The incidence of CM for lung cancer is reported to be no more than 7 percent . In such a condition, the lung cancer is already at a late stage and dissemination of the disease has occurred; the median survival after diagnosing symptomatic CM is 4.3 to 7.4 months . Hence, the goals of treatment are to improve quality of life and preserve vision, which can be achieved by either systemic chemotherapy or target therapy based upon the performance status and the histologic subtype. It has been demonstrated that inhibition of the epidermal growth receptor (EGFR) pathway with tyrosine kinase inhibitors (TKIs) provides effective treatment and improved tolerability for non-small-cell lung cancers, especially for a subset of female patients of East Asian origin who are never smokers and have an adenocarcinoma histology, and who have high prevalence of sensitive activating EGFR mutations (deletion in exon 19 or point mutation of L858 in exon 21) . However, TKIs were not considered since the tumor specimen from our patient failed to show the aforementioned EGFR mutation.

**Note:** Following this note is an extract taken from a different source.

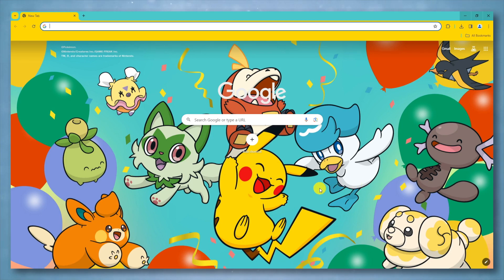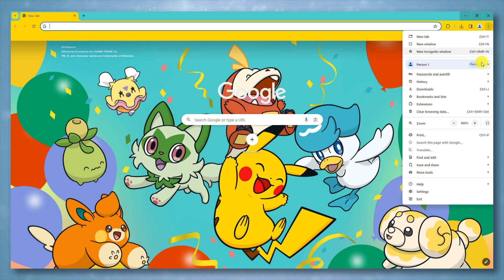Follow these steps. Open Google Chrome. In the top right corner, click on the three vertical dots to open the Chrome menu.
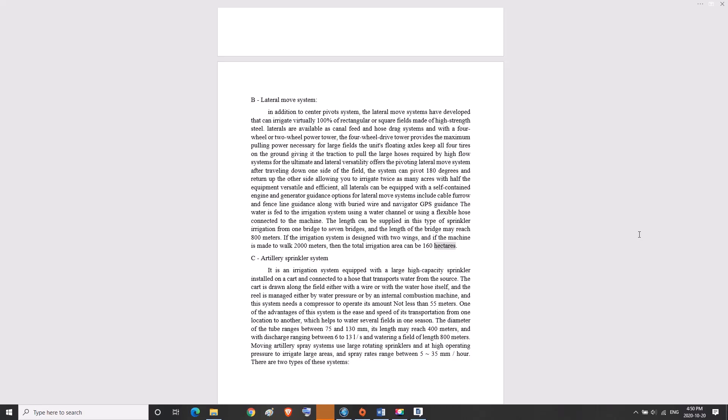C, artillery sprinkler system. It is an irrigation system equipped with a large high capacity sprinkler installed on a cart and connected to a hose that transports water from the source. The cart is drawn along the field either with a wire or with the water hose itself. The reel is managed either by water pressure or by an internal combustion machine, and this system needs a compressor to operate with an amount not less than 55 meters. One advantage of this system is the ease and speed of its transportation from one location to another, which helps to water several fields in one season. The diameter of the tube ranges between 75 and 130 millimeters, and its length may reach 400 meters.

It has been reported that systemic chemotherapy is efficacious for choroid metastases from non-small-cell lung cancer [11, 12]. In our patient’s case, standard platinum doublet chemotherapy was used as the initial and primary treatment because our patient had other concurrent sites of metastatic disease that required simultaneous attention. Further, cisplatin plus pemetrexed has shown survival benefits in pulmonary adenocarcinoma . Although the tumor remained stable, our patient gained visual improvement and acceptable disease control via this platinum doublet chemotherapy. Taken together, these findings suggest the choroid may be no longer considered as a ‘sanctuary site’ to chemotherapy, and systemic chemotherapy alone is a useful therapeutic option for CM of lung cancer.
The prognosis and treatment choices for primary clear cell adenocarcinoma of the lung may resemble those for non-small-cell lung cancer. Because the disease is rare and glycogen-rich clear cells display an unusual histology, the prognosis and treatment outcome may be more complicated. Even though a patient may initially present with multiple metastases including the choroidal type, as in our patient’s case, immediate initiation of histologically-adapted chemotherapy may yield clinical benefits and improvements in quality of life. To the best of our knowledge this is the first report demonstrating that the efficacy and safety of systemic doublet chemotherapy with cisplatin plus pemetrexed for choroidal metastasis of primary clear cell adenocarcinoma of the lung.
In summary, we present a rare occurrence of clear cell adenocarcinoma of the lung that needed to be confirmed and differentiated from clear cell cancer from other organs by systemic investigation and intensive IHC staining tests. CM may be the initial sign of this rare tumor and the ophthalmologic diagnosis may lead to the discovery of the systemic affliction, albeit unfortunately at a late stage of the disease. If compatible with the patient’s general status, appropriate chemotherapy may be an efficacious mode of treatment in advanced stages of this rare and metastatic lung cancer.
Written informed consent was obtained from the patient for publication of this manuscript and any accompanying images. A copy of the written consent is available for review by the Editor-in-Chief of this journal.
This study was partially supported by grants (CMRPG280131 and CMRP280132) from the Chung Gang Memorial Hospital.
Our patient’s case was reviewed and we were given clearance for publication by the Institutional Review Board, Chang Gung Memorial Hospital.